Nanostructured Electrode with Titania Nanotube Arrays: Fabrication, Electrochemical Properties, and Applications for Biosensing

Abstract

Titania nanotube (TNT) arrays were fabricated by anodic oxidation of titanium foil in various electrolytes and were calcined in dry nitrogen at various temperatures. The morphology, crystallinity, and chemical composition of TNT arrays were studied by means of X-ray diffraction (XRD) and scanning electron microscopy (SEM).
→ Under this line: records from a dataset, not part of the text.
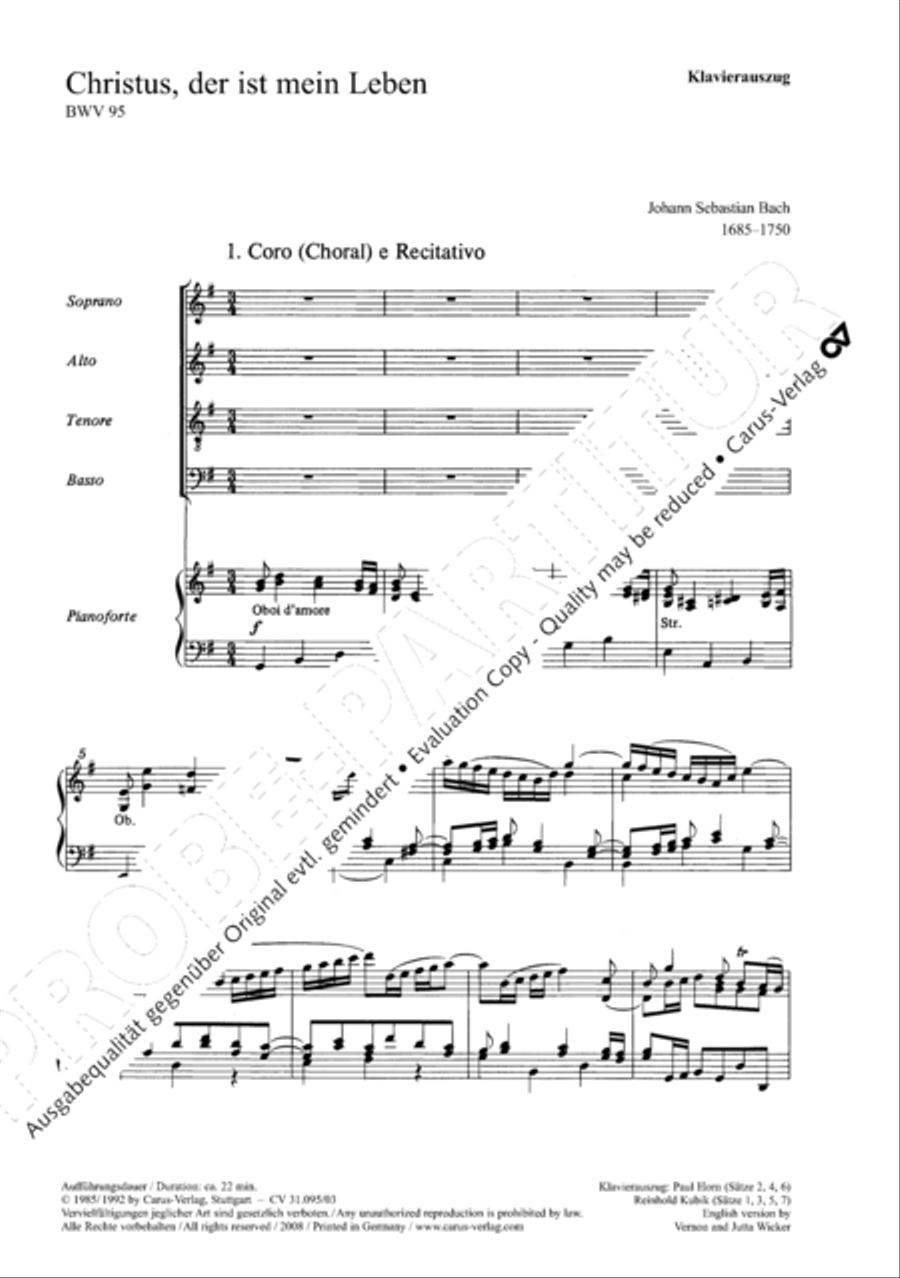 For me to live is Jesus (Christus, der ist mein Leben) STB scores gallery preview page 4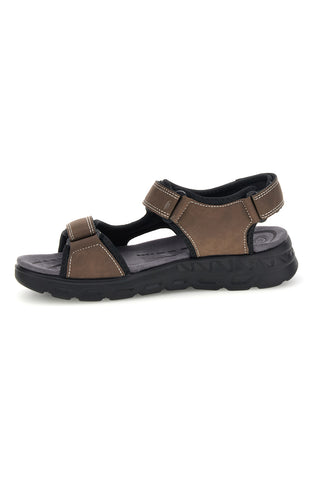 Jerpoint M8804 rjavi sandali z nastavljivimi naramnicami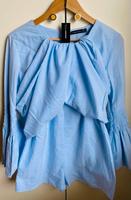 ZARA BASIC OVERALL JUMPSUIT TUNIKA KLEID GR.L 40 42 TOP DETAILS Hessen - Bad Nauheim Vorschau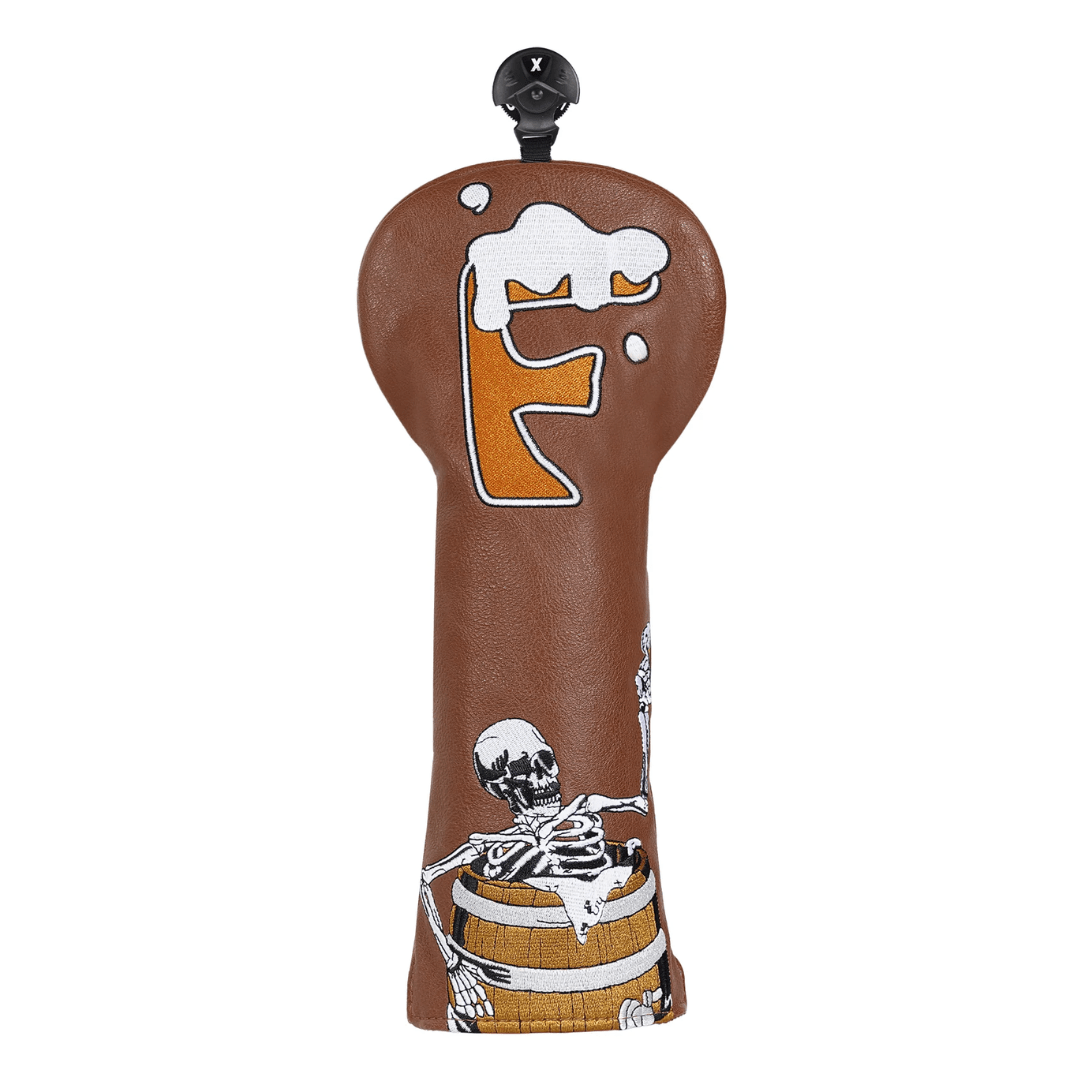 WINE BARREL SKULL WOOD HEAD COVER - Funky HeadcoversWINE BARREL SKULL WOOD HEAD COVERFunky HeadcoversFunky Headcovers8300365DRIVERWINE BARREL SKULL WOOD HEAD COVER
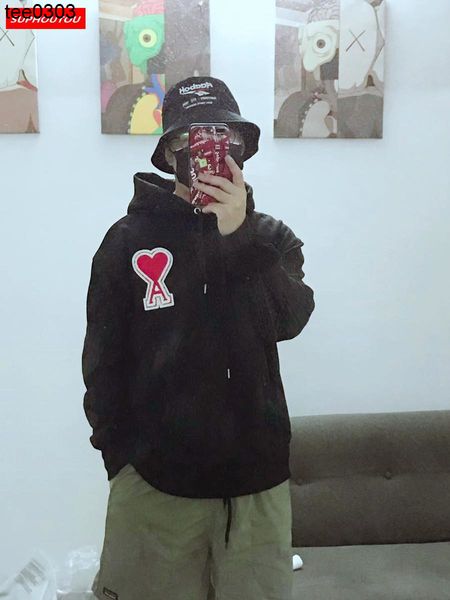 suphoutou2022 autumn and winter love a hooded sweater couple fashion brand pullover terry loose cotton embroidery, Black
suphoutou2022 autumn and winter love a hooded sweater couple fashion brand pullover terry loose cotton embroidery, Black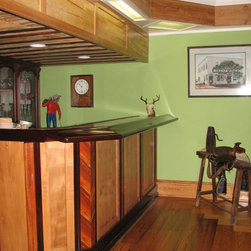 Heart Pine Bar and Molding - Indoor Pub And Bistro Tables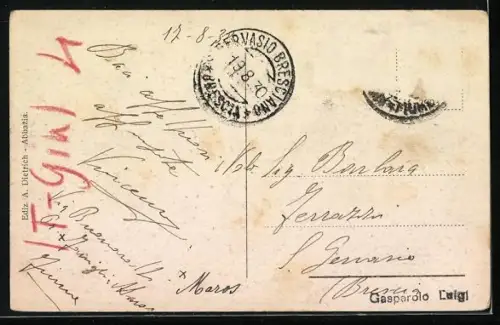 AK Laurana, Ortspartie am Wasser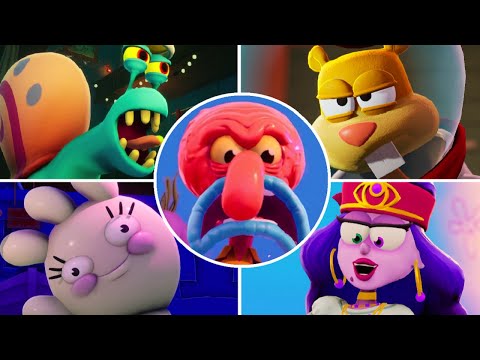 SpongeBob the Cosmic Shake - All Bosses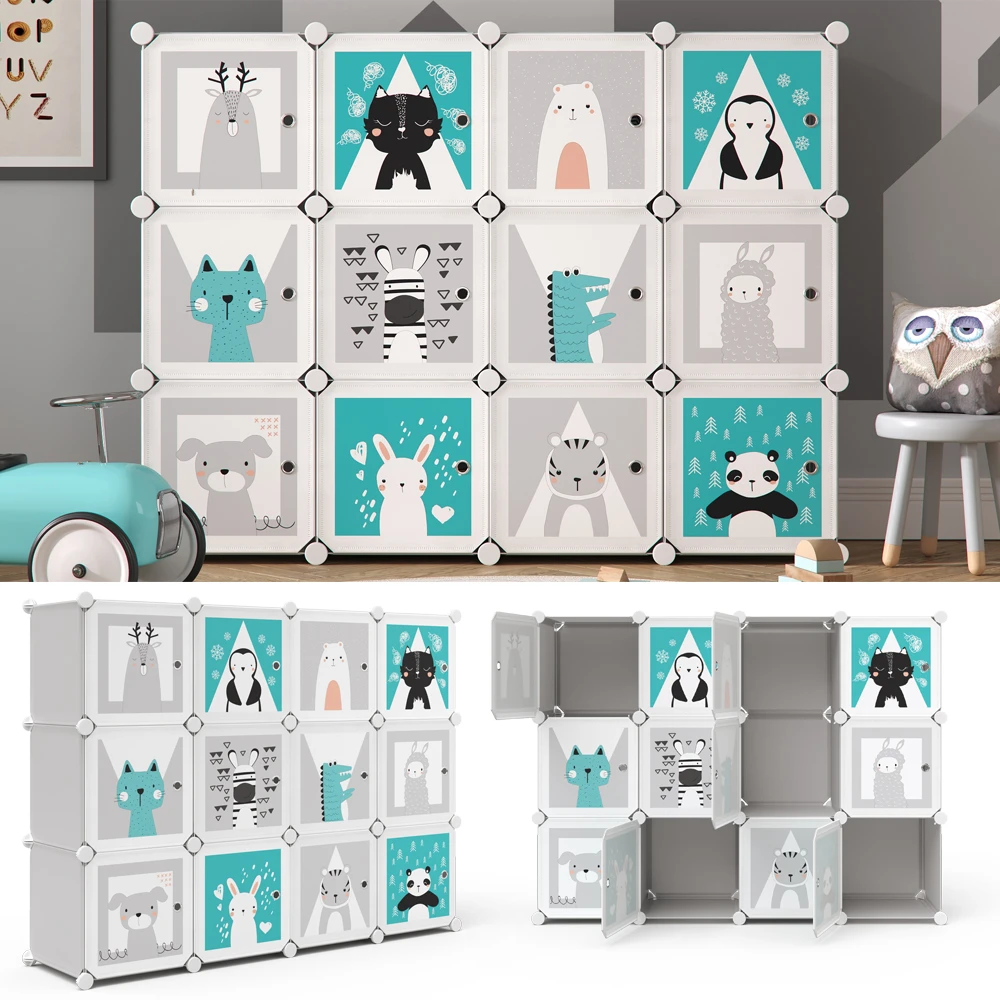 Kinderregal "Andy" Grau 145 X 110 Cm 12 Fächer Vicco 4 Kinderregal "Andy" Grau 145 X 110 Cm 12 Fächer Vicco – Bild 2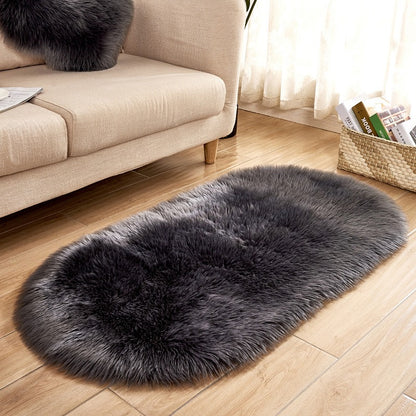 Limitation Wool Carpet, Oval Plush Carpet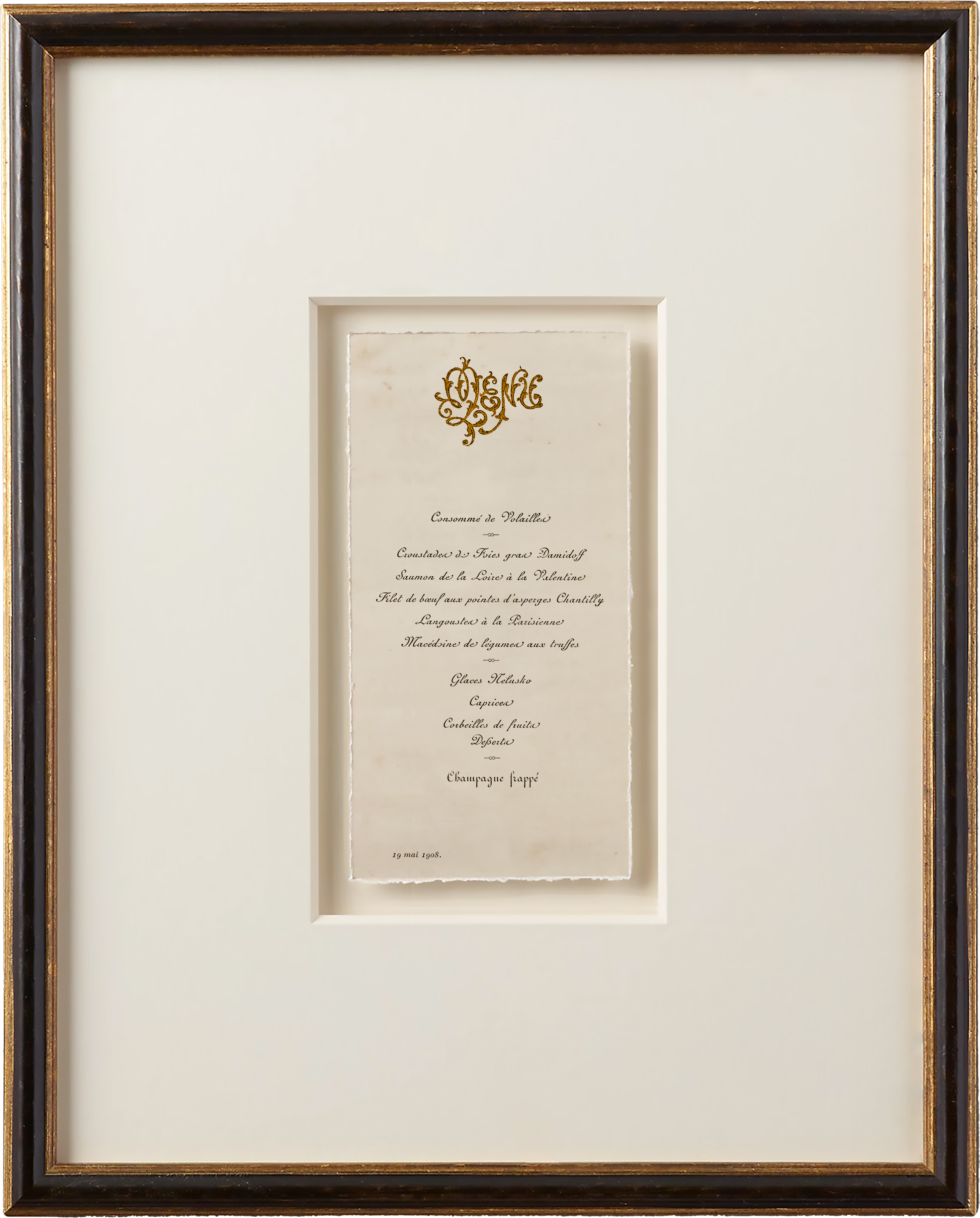 Vintage French Menus - 1908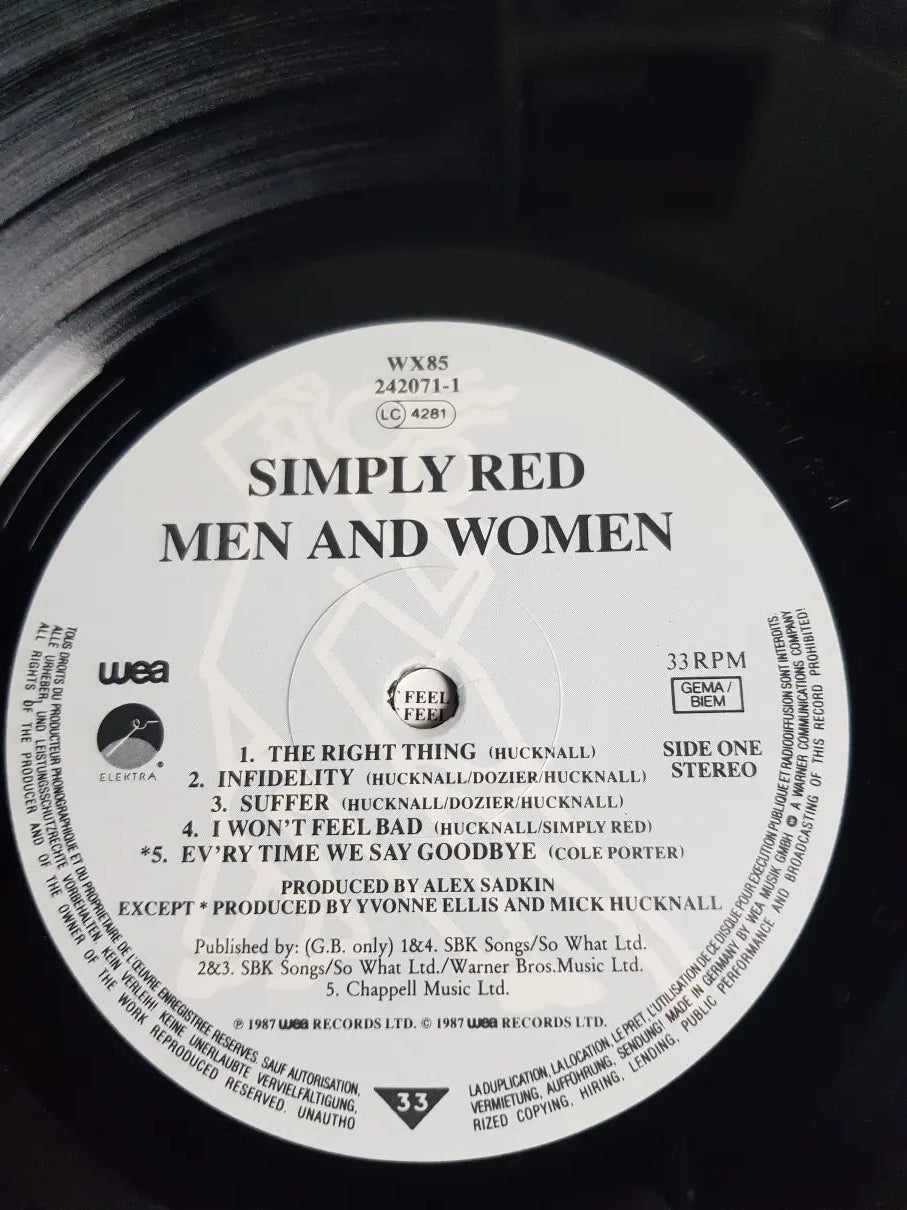 Simply Red – Men And Women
Electrochemical impedance spectroscopy (EIS) was employed to investigate the electrical conductivity and capacitance of TNT arrays prior to and after calcination. The results showed that the electrical conductivities of TNT arrays calcined in nitrogen for 3 hours were improved significantly as compared to the as-grown TNT arrays or annealed in air or argon. Well defined oxidation and reduction peaks were observed during the cyclic voltammetric scans at 0.1 V/s in 10 mM K3[Fe(CN)6] solution. For the application in biosensing, TNT electrodes co-adsorbed with horseradish peroxidase (HRP) and thionine chloride (Th) were studied for their sensitivity to hydrogen peroxide by means of cyclic voltammetric. The experiments showed that TNT arrays possessed appreciably different sensitivities to H2O2 due to their different conductivity. The best result was found in the TNT arrays annealed in nitrogen. Further analyses revealed that the sensitivity of TNT arrays annealed in nitrogen was increased 4-6 times compared with as-grown TNT arrays, the dynamic range on H2O2 is in the range of 2 x 10(-5) M to 3.6 x 10(-3) M at pH = 6.7 and at a potential of -600 mV (vs. Ag/AgCl).